S. Paoli.- Le budget 2003 est-il de nature à rassurer les Français et donc encouragera-t-il un des moteurs de l'économie, la consommation des ménages ? Alors que la croissance mondiale n'est pas au rendez-vous, que les hypothèses de croissance sont aléatoires, que le chômage est aujourd'hui la première des inquiétudes nationales, ce budget dit "volontariste" donnera-t-il confiance au pays ?
La vérité est-elle à vos yeux un moyen de la confiance ? Quand vous dites comme hier : "2,5 % de croissance, ce n'est pas sûr". Et c'est le ministre qui dit cela !?
- "Je crois que les Français sont suffisamment responsables, qu'ils sont tous dans des entreprises, qu'ils savent comment fonctionne l'économie, pour leur dire la vérité, y compris lorsque cette vérité consiste à leur dire que nous marchons sur des oeufs."
Comment fait-on quand, ancien grand chef d'entreprise, aujourd'hui ministre de l'Economie et des Finances, pour gérer, dans un monde d'imprévisibilité, dans un monde d'incertitude ?
- "D'abord, on ne change pas de comportement. Et deuxièmement, ce monde "d'imprévisibilité et d'incertitude" est aussi celui de l'entreprise. Donc, on continue à faire ce que l'on croit."
Prenons un exemple précis : croissance. Vous dites "2,5 %" et vous ajoutez vous-même que ce n'est pas sûr. A partir de là, comment faites-vous ?
- "Ce n'est pas sûr parce que, par le passé, huit fois sur douze, la croissance a été légèrement inférieure aux prévisions, quatre fois sur douze elle a été supérieure. Et jamais le chiffre, qui est une prévision dans un budget, n'a été réellement réalisé. Car il a été, je le répète, soit dépassé, soit légèrement inférieur. La croissance est faite par les entreprises, par la productivité. Elle n'est pas faite par un Etat, sauf s'il crée les conditions, aide à cette croissance. Ce budget est destiné à donner confiance effectivement aux acteurs économiques. Ce sont eux qui sont au-devant de la scène. Nous sommes derrière, avec eux, pour eux. Ce sont eux qui jouent."
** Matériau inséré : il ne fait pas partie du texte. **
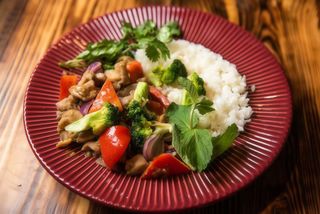 Курка в соусі карі з овочами (200/100г)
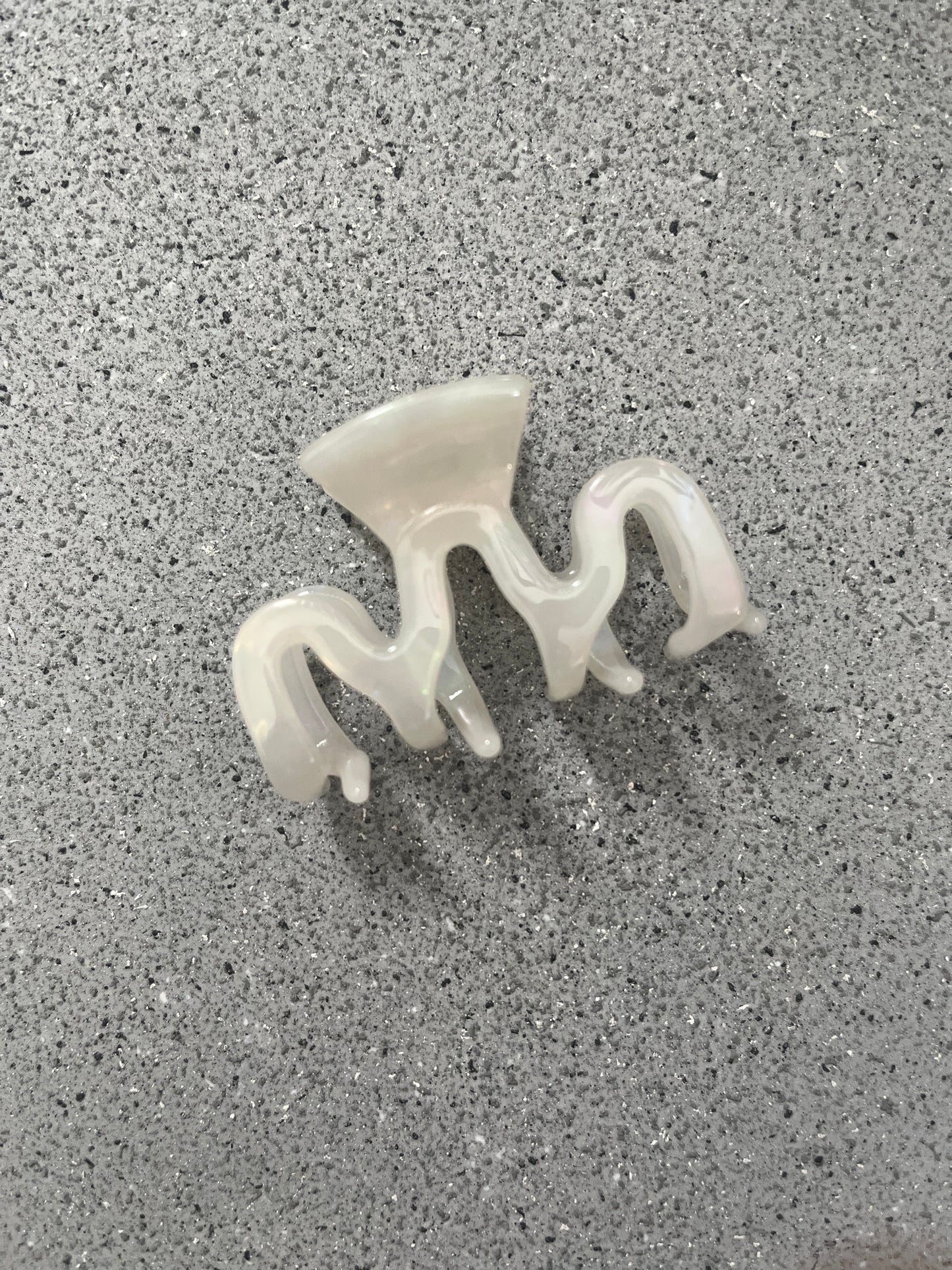 Medium Wavy Claw Clip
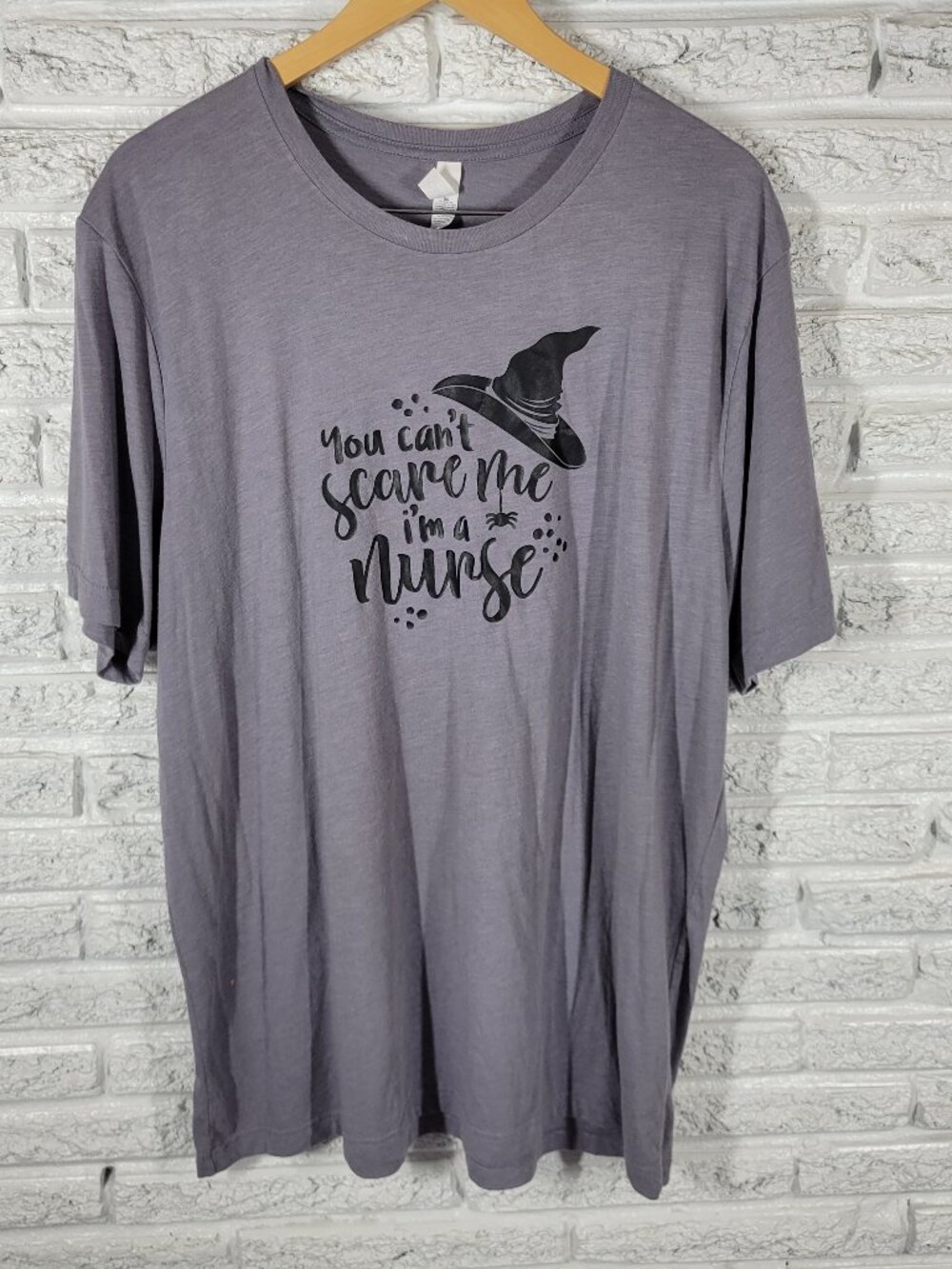 Bella Canvas Mens 2XL Gray Shirt You Can't Scare Me I'm A Nurse Witch Hat NOV77E
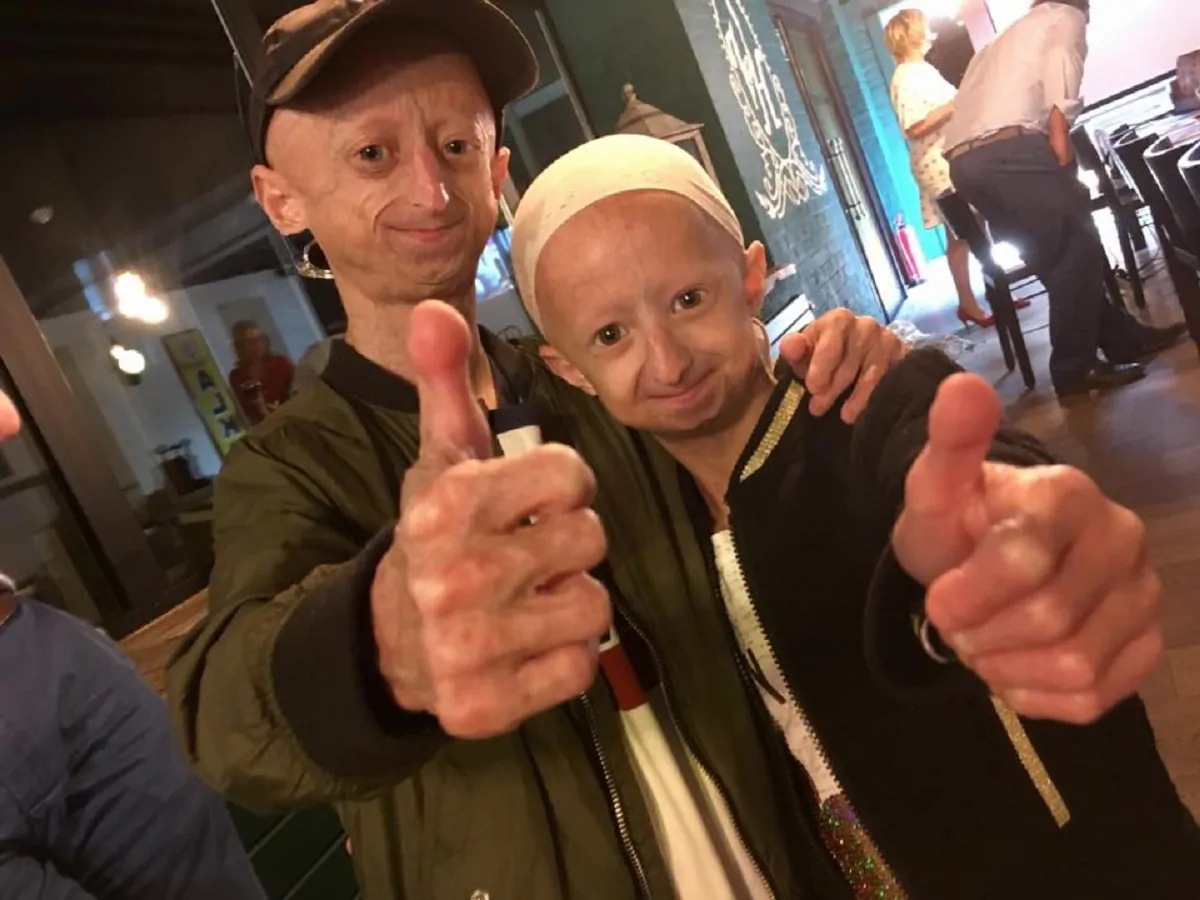 La lotta contro i bulli dei fratelli malati di progeria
On est dans un système où tout est lié alors ? On va parle des acteurs économiques. Mais les Français qui vous écoutent ce matin, les ménages, dont on attend, dont on espère qu'ils vont continuer à consommer, c'est capital. Parce que si eux n'ont pas confiance, la machine ne tourne plus ?
- "Incontestablement. Vous savez bien que l'économie est fondée sur deux ressorts principaux : la consommation et l'investissement. L'investissement cette année 2002, est plutôt en panne. Nous espérons qu'il va redémarrer modestement en 2003, avec un + 3%. Par contre la consommation reste très bonne, en Europe et particulièrement en France. Et tout ce qui a été fait dans ce budget, y compris dans les décisions prises depuis le mois de mai, va dans le sens d'augmenter le pouvoir d'achat des Français et de les inciter à consommer. Les 3 milliards destinés aux entreprises et le milliard destiné aux ménages, ça fait 4 milliards destinés aussi à la consommation."
Mais vous avez quand même été obligé de faire des comptes partout, de serrer partout. Par exemple, sur la baisse d'impôts, peut-être que certains ménages vont être un peu déçus, parce que, sur deux ans, cela fera beaucoup moins que prévu, ça va faire 6 %...
- "Sur deux ans, ça fait 6 % et 6 % c'est pas mal !"
Oui, mais...
- "Même si effectivement, en 2003, le 1 % supplémentaire montre qu'on continue plus modestement puisque, contrairement à nos espoirs, l'horizon
de croissance est un peu moins clair qu'il ne l'était au mois de mai."
N'y a-t-il pas un risque au passage que les Français ont un peut-être un peu anticipé ces baisses d'impôts et que maintenant, ils commencent à lever le pied en se disant : ce monde est décidément improbable, soyons prudents !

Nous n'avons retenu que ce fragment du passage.